● **TASK BRIEF**
Once you find the line with "2008 Mercedes-Benz SLK-Class" in the entries below, return exactly every line from it through the line with "Folia hydrożelowa na".

● **SOURCE RECORDS**
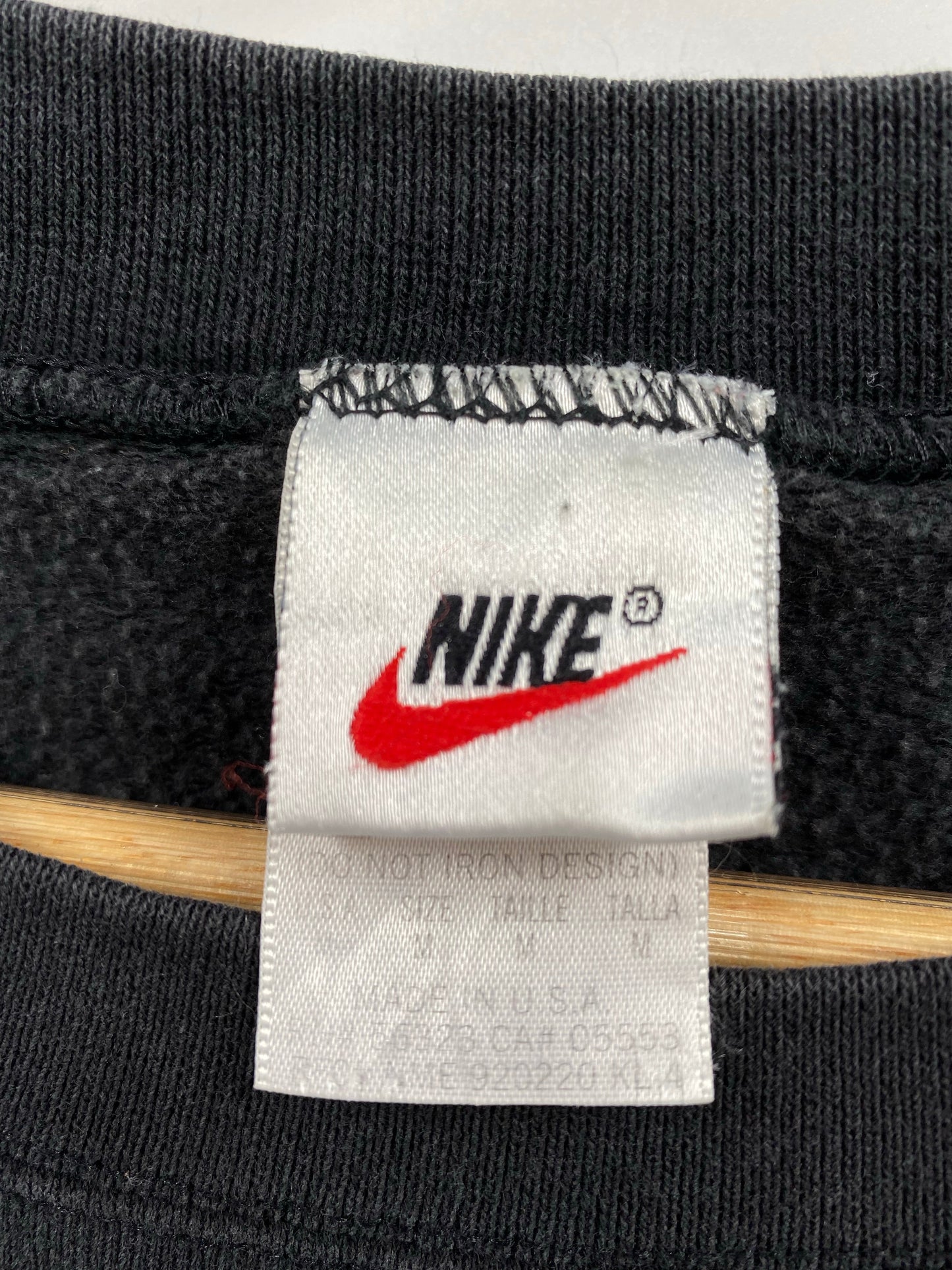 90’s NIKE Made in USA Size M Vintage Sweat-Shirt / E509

--

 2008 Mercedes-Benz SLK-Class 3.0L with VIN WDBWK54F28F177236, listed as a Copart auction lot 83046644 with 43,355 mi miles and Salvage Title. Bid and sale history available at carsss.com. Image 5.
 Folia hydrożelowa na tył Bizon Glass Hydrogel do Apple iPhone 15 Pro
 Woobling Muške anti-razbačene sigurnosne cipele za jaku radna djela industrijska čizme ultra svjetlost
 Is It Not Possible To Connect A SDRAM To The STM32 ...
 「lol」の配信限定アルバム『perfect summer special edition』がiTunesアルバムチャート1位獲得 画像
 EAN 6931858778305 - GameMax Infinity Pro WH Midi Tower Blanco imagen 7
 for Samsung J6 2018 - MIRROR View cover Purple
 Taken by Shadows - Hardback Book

● **EXERCISE RESULT**
 2008 Mercedes-Benz SLK-Class 3.0L with VIN WDBWK54F28F177236, listed as a Copart auction lot 83046644 with 43,355 mi miles and Salvage Title. Bid and sale history available at carsss.com. Image 5.
 Folia hydrożelowa na tył Bizon Glass Hydrogel do Apple iPhone 15 Pro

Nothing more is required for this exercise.